Spiritual Vegas

(Mexican Summer)


Pedrum Siadatian first rose to prominence in psychedelic circles for his guitar and vocal contributions to the astral navigations of mercurial L.A. band Allah-Las, but approaches his solo project Paint with a crystal-clear focus. Spiritual Vegas follows 2018’s eponymous debut, and is full to the brim with lazing psychedelic pop songs and winding guitar melodies. 

Siadatian’s influences are worn on his sleeve and Spiritual Vegas essentially acts as a red-eyed guided tour around them; Kevin Ayers, Felt, Turkish psych, Brian Jonestown Massacre, etc – you can guess the rest.

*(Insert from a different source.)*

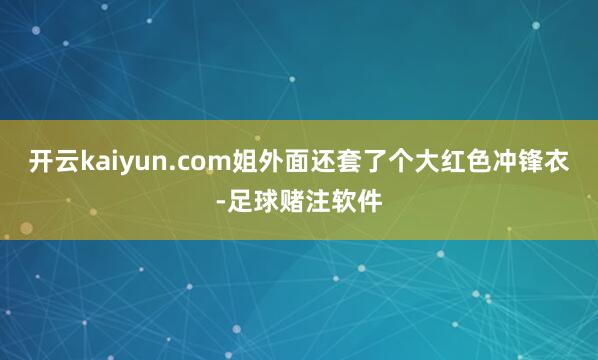 开云kaiyun.com姐外面还套了个大红色冲锋衣-足球赌注软件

But this whistlestop tour of the musician’s record collection never really overstays its welcome, as he transmits quiet bliss and comforting hallucinations with aplomb. 

The album occupies a woozy sphere, where nothing is in full focus, but this half space is where Siadatian has always thrived as a musician. All Spiritual Vegas‘ tracks have a satisfying uniformity, taking place in the same sonic world, as noodling tributaries link up to the endless and lysergic river of the whole album. Even on ‘Wall of Memory/ODAAT’, when the dreamy psychedelic imaginations are interrupted by a jarring speech sample, it takes a matter of seconds to get back into the Paint groove.

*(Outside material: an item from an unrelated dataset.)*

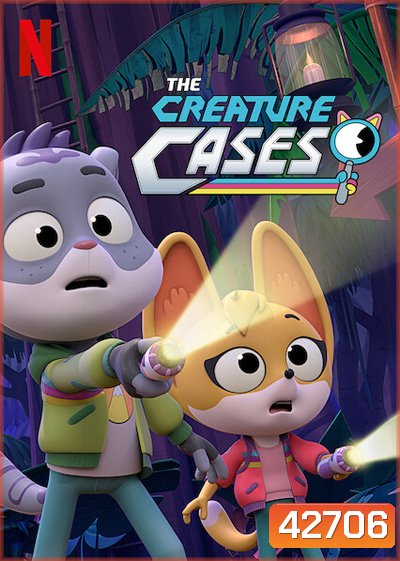 The Creature Cases Season 1 (2022) ปริศนาคดีสัตว์ป่า ปี 1 (12 ตอนจบ)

‘Ta Fardah’ is perhaps the standout, sung in Farsi as a nod to Siadatian’s Iranian heritage. Winding psychedelic melodies come thick and fast, showcasing Siadatian’s aptitude as a guitarist as much as a crafter of fantastical ditties. ‘Impressions’ too, is a highlight. The album’s final song, it’s a five minute sound collage that sees all sorts of sketches transposed atop acid-soaked whimsy, a particularly slow number that feels like a change of pace on an album that wasn’t the fastest to begin with.

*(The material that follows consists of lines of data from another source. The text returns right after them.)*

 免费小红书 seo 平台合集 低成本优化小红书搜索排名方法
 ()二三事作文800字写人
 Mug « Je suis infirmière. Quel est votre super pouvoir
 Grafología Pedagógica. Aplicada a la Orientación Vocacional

‘Spiritual Vegas’ isn’t a reinvention of the wheel, but simply a focused set of bleary-eyed lysergic pop songs; whilst there are a few highlights, the main takeaway is that this is a record that lights up any room that it’s played in. No surprises, no alarms, no drama, but a competent and evocative Paint LP that captures a specific mood with ease.